Bitcoin and altcoins, such as Ethereum and Solana, are projected to benefit from these macro-driven conditions. Pal emphasizes how macroeconomic trends affect institutional investor interest and crypto valuations, which is reminiscent of past cycles. The current cycle's similarity to 2017 is not just a coincidence but a reflection of the underlying market forces at play. The deviation of Bitcoin's price from the Global M2 money supply, as highlighted by crypto analyst Colin, adds another layer of complexity to the market dynamics. This deviation suggests that the current bull run may not be over, despite some analysts' concerns about a potential market correction.

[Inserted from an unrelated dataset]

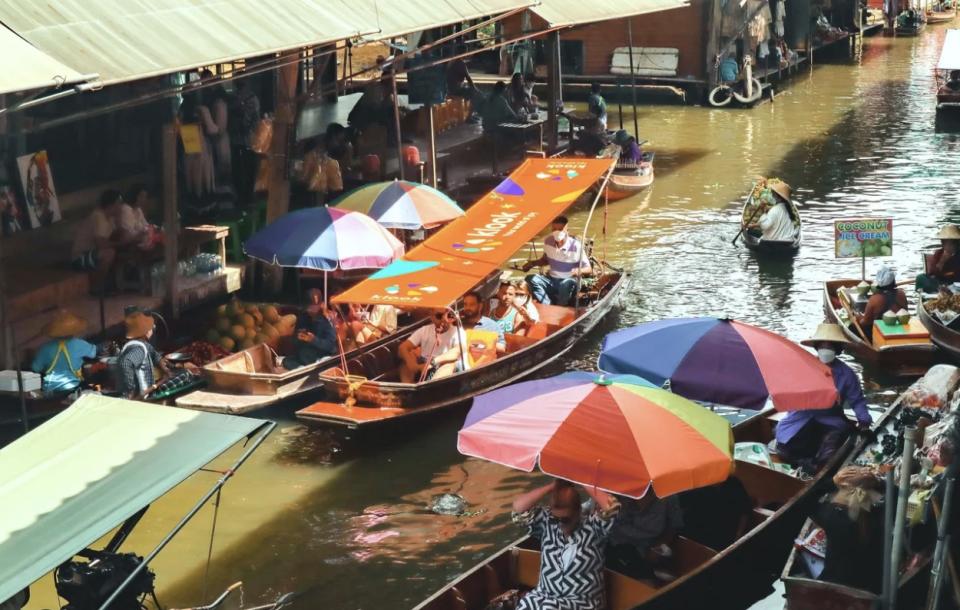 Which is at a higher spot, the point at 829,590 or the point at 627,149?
the point at 627,149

Pal's forecast also aligns with the broader market sentiment, which suggests that the current cycle is still in its early stages. If his prediction holds true, the peak of the cycle could be deferred to 2026, setting up an extended accumulation and growth period. This would mean that July and August of this year could mark significant milestones in the current cycle, potentially leading to a more sustained bull run.
In summary, Raoul Pal's prediction of a 2026 peak for the current crypto bull cycle is based on historical market patterns and current economic indicators. The weakening US Dollar and the deviation of Bitcoin's price from the Global M2 money supply are key factors in this analysis. Pal's forecast suggests an extended period of accumulation and growth, which could be beneficial for long-term investors.